= Beginning of Section =

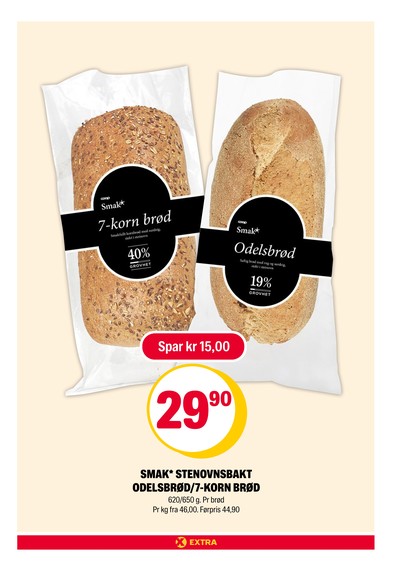 Coop Extra kundeavis i uke 16 side 28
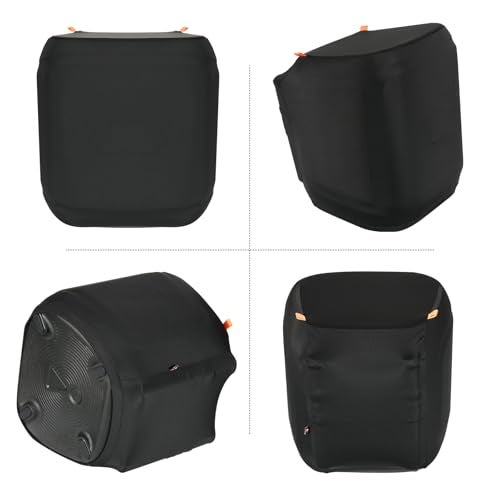 TXEsign Speaker Dust Case for JBL PartyBox Encore Essential 2 Portable Party Speaker, Stretchable Case Protective Dust Cover Speaker Slip Sleeve - Image 5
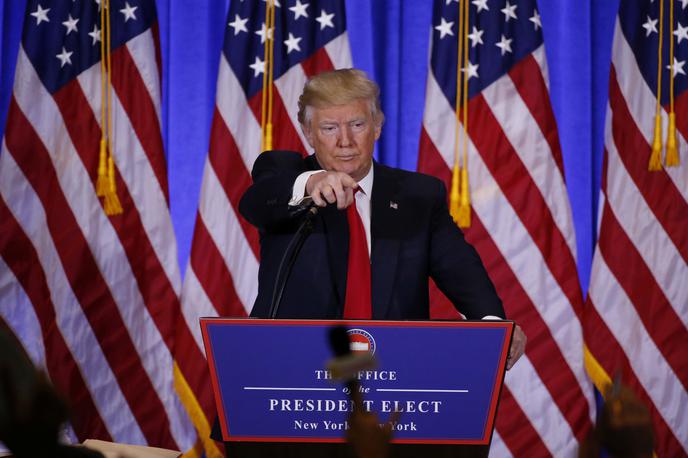 Donald Trump | Foto Reuters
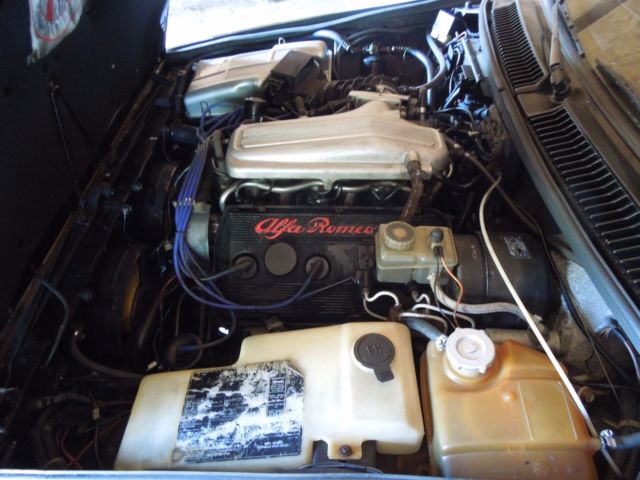 1985 Alfa Romeo GTV GTV-6 3.0 Lt - photo 10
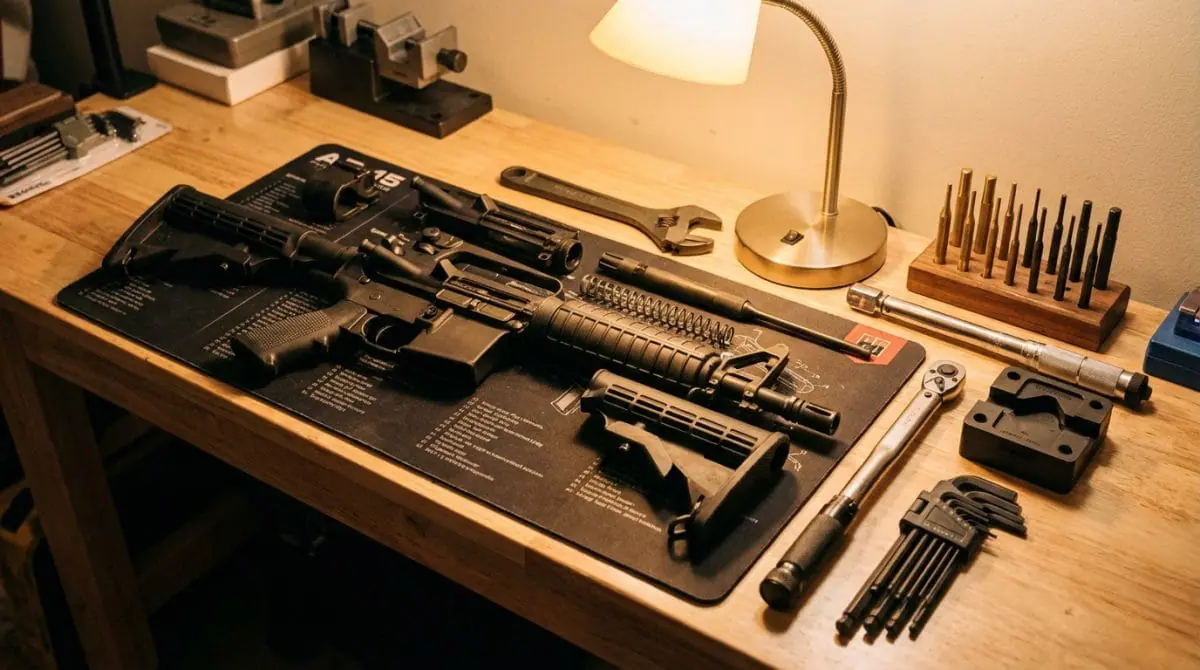 How to Build an AR-15 Upper Receiver: Complete Guide | AR15 Outfitters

= End of Section =

_What is required_
The listing above should be repeated word for word, pictures removed.

_Solved exercise_
 Coop Extra kundeavis i uke 16 side 28
 TXEsign Speaker Dust Case for JBL PartyBox Encore Essential 2 Portable Party Speaker, Stretchable Case Protective Dust Cover Speaker Slip Sleeve - Image 5
 Donald Trump | Foto Reuters
 1985 Alfa Romeo GTV GTV-6 3.0 Lt - photo 10
 How to Build an AR-15 Upper Receiver: Complete Guide | AR15 Outfitters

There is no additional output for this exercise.